The documentary Pale Male (2002) was first aired on the PBS program Nature. It's one of the coolest nature films I have ever seen, chronicling the arrival in New York's Central Park of a male red-tailed hawk, his temporary disappearance & return with a mate, & the subsequent family of hawks established in the park.
The film is frankly awesome. Red-tail hawks had not previoiusly lived in Central Park, until that lone male showed up. As he was a paler color than most red-tails, birdwatchers dubbed him Pale Male. Adaptation to city life was full of perils, but Pale Male thrived on a diet of pigeons, rats, & squirrels. He would eventually outlive three mates, & raise several broods in a nest on the side of an old apartment building.
In the perilous city not all these hawks fared as well as Pale Male. Because pigeons are sometimes illegally poisoned, & rodents legally poisoned, feasting on sick or dead animals can kill hawks. Pale Male apparently was never much of a scavenger & so evaded poisoned meals. The smartest most adaptable offspring slowly increased the park's population so that they are now a regular feature of city life.
The natural history of city birds, how they survive & raise young in close proximity to human beings, is intensely interesting, & if the film weren't also about people it'd still be awe-inspiring because these birds are incredible, with photography quite an achievement for Frederic Lilien's impressive skill & patience.
But it's also about the hawk-people who set up hawk-watch stations. The birds bring people together in friendship. It brings out the most positive aspects of eccentricity among people who are devoted to observing the lives of these hawks. The number of people who gathered daily waiting to be witness to the first nestlings' first practice flights makes humanity, no less than avian society, seem like worthwhile likeable creatures.

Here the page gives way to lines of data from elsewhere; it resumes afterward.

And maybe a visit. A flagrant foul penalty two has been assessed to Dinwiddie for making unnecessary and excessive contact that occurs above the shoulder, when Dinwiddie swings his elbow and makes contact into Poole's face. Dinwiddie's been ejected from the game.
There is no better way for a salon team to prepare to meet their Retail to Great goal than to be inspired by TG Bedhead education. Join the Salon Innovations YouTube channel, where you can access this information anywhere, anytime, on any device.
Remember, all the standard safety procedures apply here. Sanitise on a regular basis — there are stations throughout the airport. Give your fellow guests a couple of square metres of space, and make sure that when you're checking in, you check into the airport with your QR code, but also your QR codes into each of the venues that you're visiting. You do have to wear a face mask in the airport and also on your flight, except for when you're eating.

Pale Male is a film of great beauty, its impact heightened by what can only be described as an unpretending instinctual human spirituality that finds ways to commune with nature even in America's largest & most populace of bustling cities.

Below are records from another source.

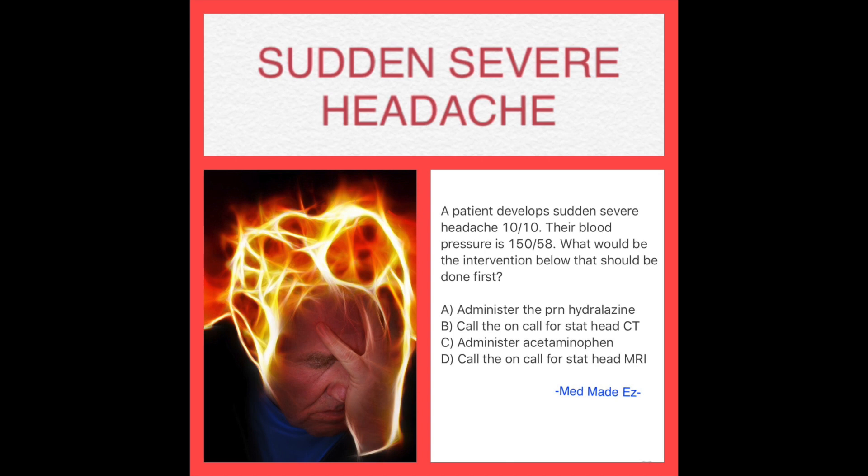Let's start with a quick question before we jump into the red flags this video is about. A patient develops a sudden severe headache, 10 out of 10 on the pain scale. Their blood pressure is 150 over 58. What would be the first intervention? A: Administer PRN hydralazine. B: Call the on-call provider for a STAT CT of the head. C: Administer acetaminophen. Or D: Call the on-call for a STAT head MRI. What's your answer?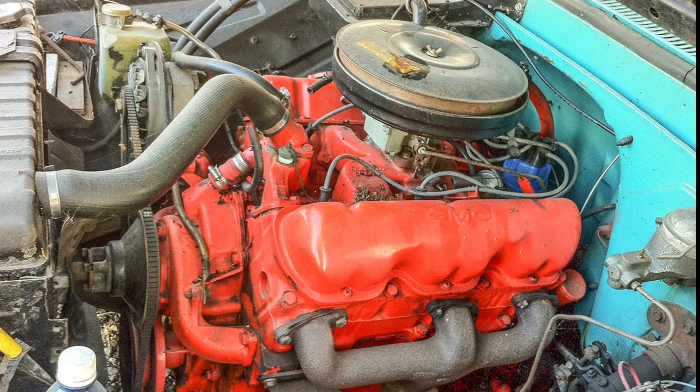Many General Motors fans are aware of the Chevrolet small block, as well as the various small blocks and big blocks that many GM divisions produced over the years. But one series of engines that is often not talked about — in some cases not even known — are the engines produced by GMC from 1959 to 1974.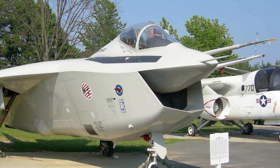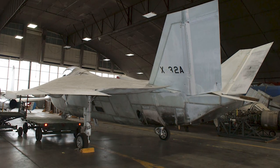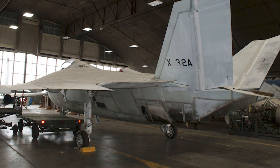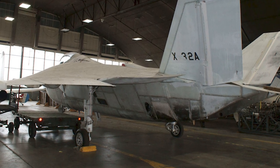When the U.S. Navy refined the maneuverability and payload requirements for the Joint Strike Fighter, eight months into construction, the X-32's delta wing was not able to meet the requirements and the aircraft was redesigned with a conventional twin tail. The redesigned tail was however not fitted to the actual X-32 prototypes.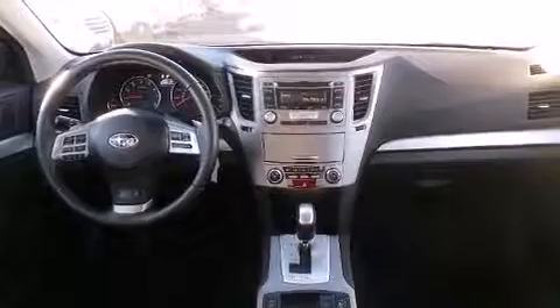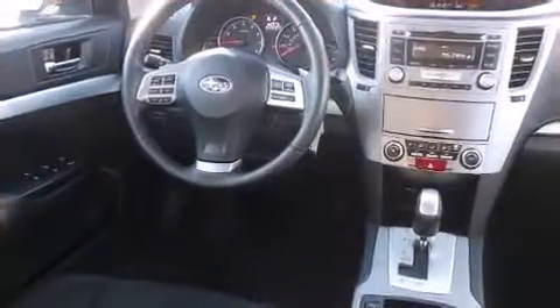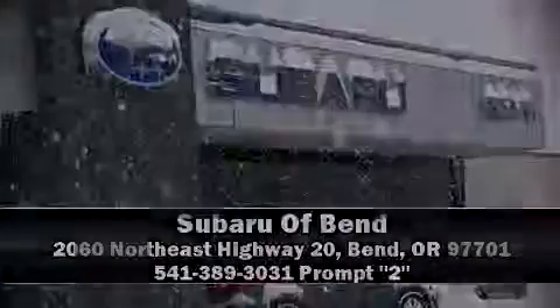This vehicle has achieved certified pre-owned status by passing Subaru's comprehensive certification process, including a comprehensive 152-point inspection. Please don't hesitate to give us a call.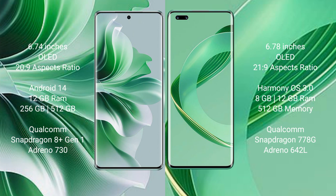Oppo Reno 11 Pro runs on the Android 14 operating system. Huawei Nova 11 Ultra runs on the HarmonyOS operating system.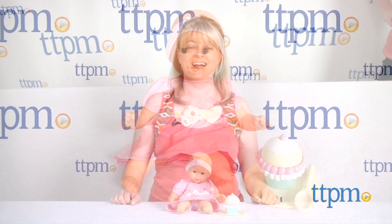Celebrate with this sweet baby doll! Hi, I'm Laurie from TTPM, here with the Mon Premier Bebe Calin Cupcake Set from Corolle.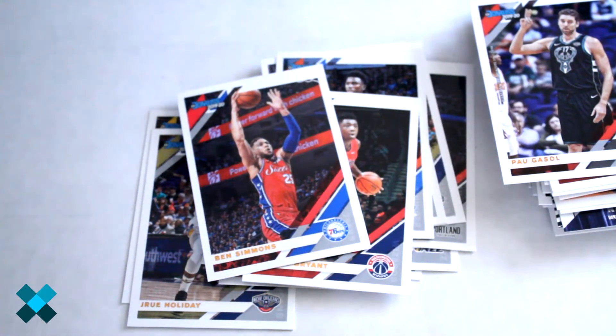And finally out of this one — Ben Simmons. So there you go, a full look at a hanger box. We did get a Zion rated rookie — not one of the green inserts, but definitely made it worth its while. Make sure you click like and subscribe for more great videos and we'll see you next time.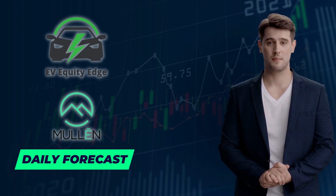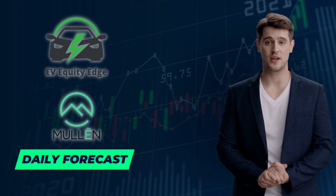Hey there fellow investors, welcome back to EV Equity Edge. Today we're here to dissect the latest insights, trends, and news surrounding Mullen Automotive stock. If you find our content valuable, hit that like button, subscribe to our channel, and ring the notification bell. Stay up to date with our daily analysis on Mullen and other exciting electric vehicle stocks. Comment below with your questions, thoughts, or suggestions. Let's get started.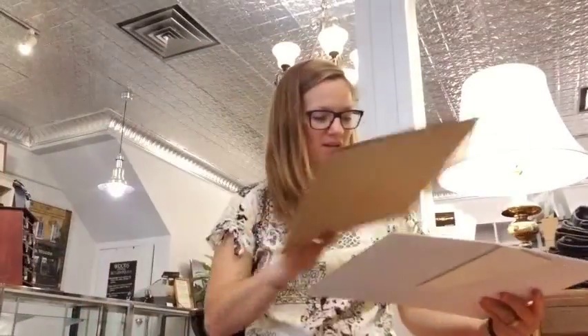Hi guys again. Today we got a package in from a company called Marble. It's a company based out of Scotland and it's a really classic company. So we are going to have our second go at unboxing.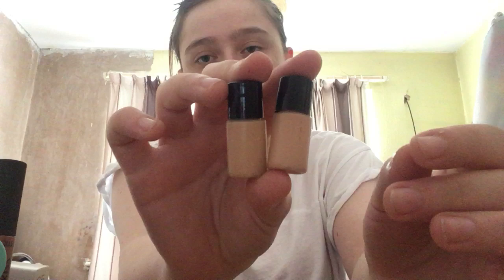Then we have these two foundation testers that I got from Boots when I wanted my foundation tested. I can't remember exactly what shades they are, but I got them for free because they were testers. And that is all in my makeup bag!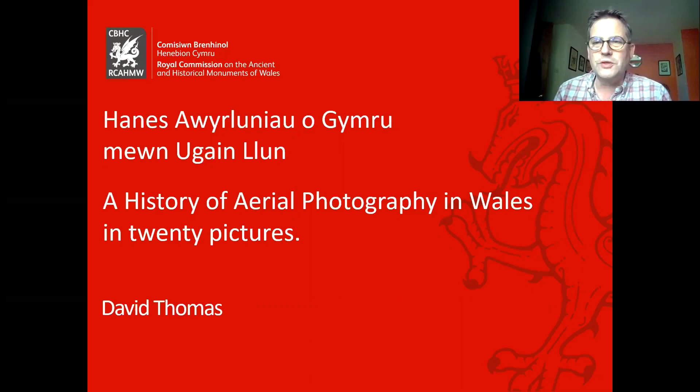My name is David Thomas and I work for the Royal Commission on the Ancient and Historical Monuments of Wales. The Commission is based in Aberystwyth and since 2016 we've held the National Archive of the Aerial Photography of Wales. I've selected 20 pictures from that collection to illustrate how aerial photography has developed over the last century or so and what it can tell us about the places, landscapes and heritage of Wales.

At first blush, I was a little disappointed in The Wild Parrots of Telegraph Hill (2003), as I'd been led to believe it was going to be the natural history of wildlife in the urban setting, something that does for parrots of San Francisco what Pale Male did for hawks of New York city. Wild Parrots requires some forgiving in order for its finer attributes to be appreciated.
It is really a document about the parrot man of Telegraph Hill. The parrots are not incidental, but we get no real picture of the parrots' lives apart from their feeding station & their interactions with Mark Bittner. It could as well be titled The Glorious Birdfeeder: Life & Times of Mark Bittner.
The most memorable of the birds is Mingus, the one cherry-headed Conure who wanted to stay in captivity & whom Mark could not convince to remain with the flock. Mingus had a crippled leg that made life in the flock a mite harder. He also had a crabby disposition. When he misbehaves, Mark turns him loose outside, & Mingus so worries he's being forced to join the flock that he becomes more loving when let back in.
At times, documentarian Judy Irving makes Mark seem like the next-worst thing to a hobo who has no visible means of support, is a long-tolerated squatter on the verge of eviction, & has no purpose in his aimless life except to hang out with semi-feral parrots. Although the ad-writers call him "a dharma bum" & "a Bohemian St. Francis," the camera's eye captures a greasy-haired dork who'd rather get laid if only it were possible, but since it's not possible, he'll settle for birds.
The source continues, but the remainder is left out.